TASK DIRECTIONS
Below is a listing with pictures in it; transcribe exactly the lines from the one that has "Leme Hotel | Habitat Hotel de Leme" through the one that has "LASORB trademark", and omit those pictures.

*** Opening of SOURCE MATERIAL ***

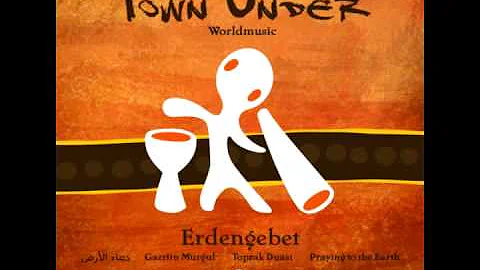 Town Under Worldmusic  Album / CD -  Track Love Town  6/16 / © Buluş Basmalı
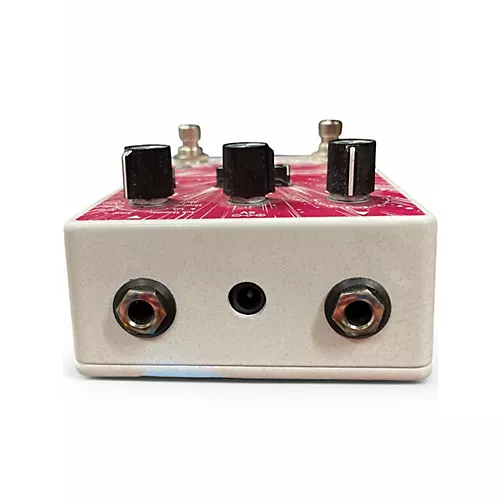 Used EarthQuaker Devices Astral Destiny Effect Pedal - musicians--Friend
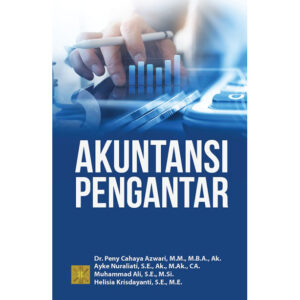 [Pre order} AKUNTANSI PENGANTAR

*** Close of SOURCE MATERIAL ***
*** Opening of SOURCE MATERIAL ***

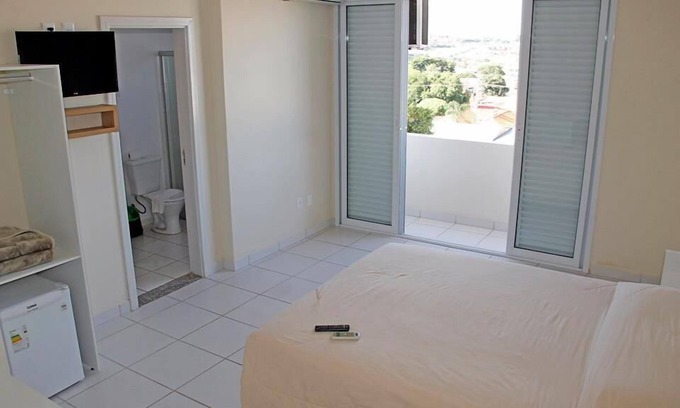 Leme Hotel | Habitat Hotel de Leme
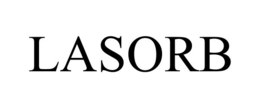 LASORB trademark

*** Close of SOURCE MATERIAL ***
*** Opening of SOURCE MATERIAL ***

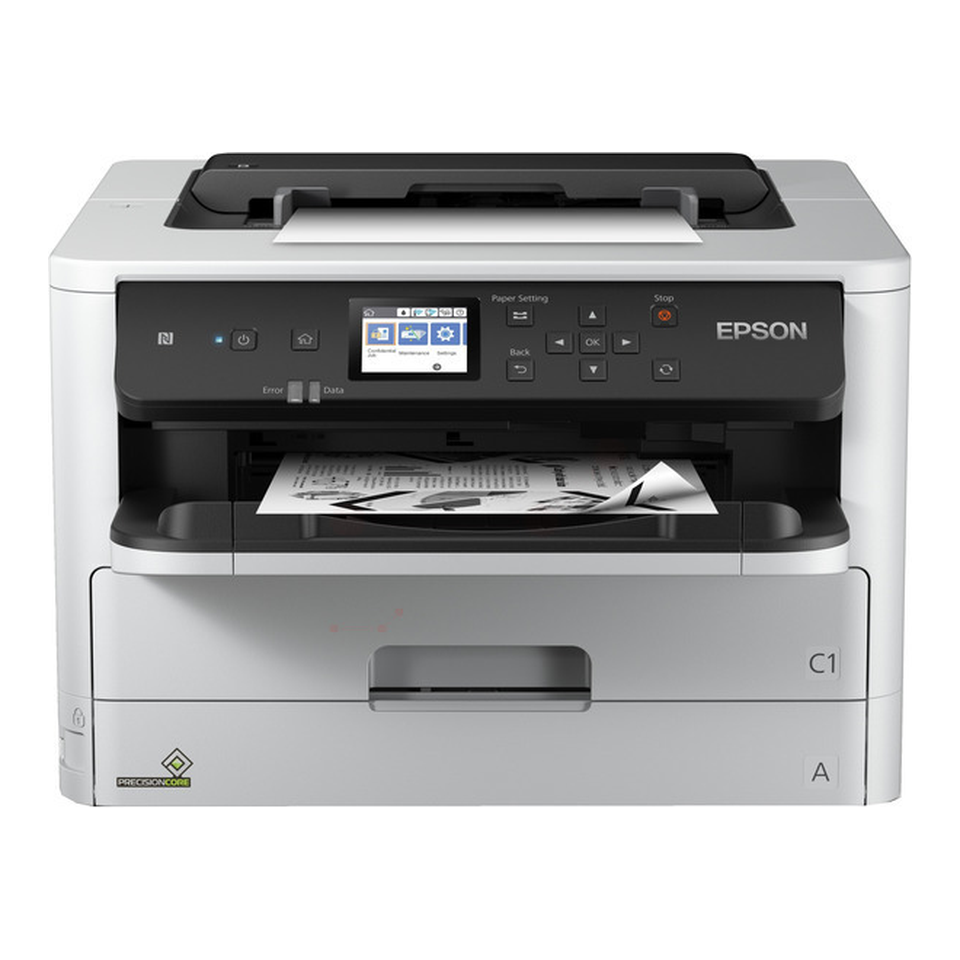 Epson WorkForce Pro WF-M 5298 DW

*** Close of SOURCE MATERIAL ***

COMPLETED EXERCISE
 Leme Hotel | Habitat Hotel de Leme
 LASORB trademark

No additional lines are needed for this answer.